Alla fine Fioravante credette a Giovanni Battista: non era possibile che un ragazzino avesse potuto strattonare, gettare a terra e fare del male a una donna molto più grande di lui. Il 23 dicembre emise una sentenza di assoluzione nei suoi confronti, e la denuncia di Teodora fu archiviata. Purtroppo non sapremo mai quale fu la verità, e chi dei due mentì: Teodora o Giovanni Battista?

Soprattutto resta una domanda: se appare incredibile che un dodicenne abbia potuto fare del male ad una donna anagraficamente più grande di lui, come spiegare la testimonianza rilasciata da Teodora davanti al Podestà?

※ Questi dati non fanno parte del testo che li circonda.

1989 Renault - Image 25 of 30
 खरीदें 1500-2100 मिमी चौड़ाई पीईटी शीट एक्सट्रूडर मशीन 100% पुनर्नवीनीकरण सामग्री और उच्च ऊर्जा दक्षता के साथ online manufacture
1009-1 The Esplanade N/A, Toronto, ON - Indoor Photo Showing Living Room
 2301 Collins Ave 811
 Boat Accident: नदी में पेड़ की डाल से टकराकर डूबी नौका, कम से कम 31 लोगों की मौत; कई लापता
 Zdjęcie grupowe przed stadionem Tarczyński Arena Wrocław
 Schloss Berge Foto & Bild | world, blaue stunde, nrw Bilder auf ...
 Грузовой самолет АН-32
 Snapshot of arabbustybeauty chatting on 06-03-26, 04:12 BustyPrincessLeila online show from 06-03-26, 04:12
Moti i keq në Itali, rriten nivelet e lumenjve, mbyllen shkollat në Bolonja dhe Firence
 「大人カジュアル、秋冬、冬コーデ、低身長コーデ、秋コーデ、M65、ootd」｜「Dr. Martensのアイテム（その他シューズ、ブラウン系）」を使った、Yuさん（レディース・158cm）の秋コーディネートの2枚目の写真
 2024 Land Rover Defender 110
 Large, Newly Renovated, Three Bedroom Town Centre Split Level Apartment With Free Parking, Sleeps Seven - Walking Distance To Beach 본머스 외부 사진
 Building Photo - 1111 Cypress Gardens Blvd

Se lei inventò tutto, perché lo fece? 

Si potrebbe ipotizzare che, come accadeva spesso nei paesi, la donna covasse rancore contro il ragazzino o piuttosto contro la famiglia di lui, ed essendogli capitata l’occasione per vendicarsi di qualche torto subito avrebbe inventato il misfatto. Al contrario, si dovrebbe ipotizzare che Teodora era solo una donna dalla fervida fantasia e così mal disposta nei confronti del prossimo, da non farsi scrupoli nell’inventare eventi loschi per coprire di infamia chi le capitava a bersaglio.

Tuttavia, per quanto inverosimile, non si può escludere del tutto che la testimonianza di Teodora fosse stata veritiera. Ciò getterebbe una luce molto inquietante sui pericoli ai quali erano esposte le donne, le quali potevano finire pure nelle grinfie di ragazzini svegli e senza scrupoli.

Da circa un quindicennio mi occupo di ricerche nell’ambito della storia delle donne, soprattutto relativamente alla civiltà contadina dell’Italia centrale, e a volte mi è capitato di leggere altri documenti d’Archivio nei quali donne giovani e meno giovani denunciavano di essere state importunate, aggredite e percosse non solo da ladri e balordi incontrati per strada, ma anche da parenti rancorosi, amanti respinti, seduttori incalliti, chierici corrotti che avevano perso il lume della ragione (e della fede).

Dover aggiungere alla lista anche ragazzini di dodici anni, non è facile da accettare. Tuttavia anche se la conflittualità tra maschi e femmine era molto diffusa pure in passato, se le relazioni potevano essere segnate dalla violenza ai danni delle donne, in realtà la vita quotidiana nella civiltà contadina era fondata sulla indispensabile collaborazione tra i sessi, sul rispetto e sulla fiducia reciproche, essendo i soprusi eventi tutto sommato eccezionali.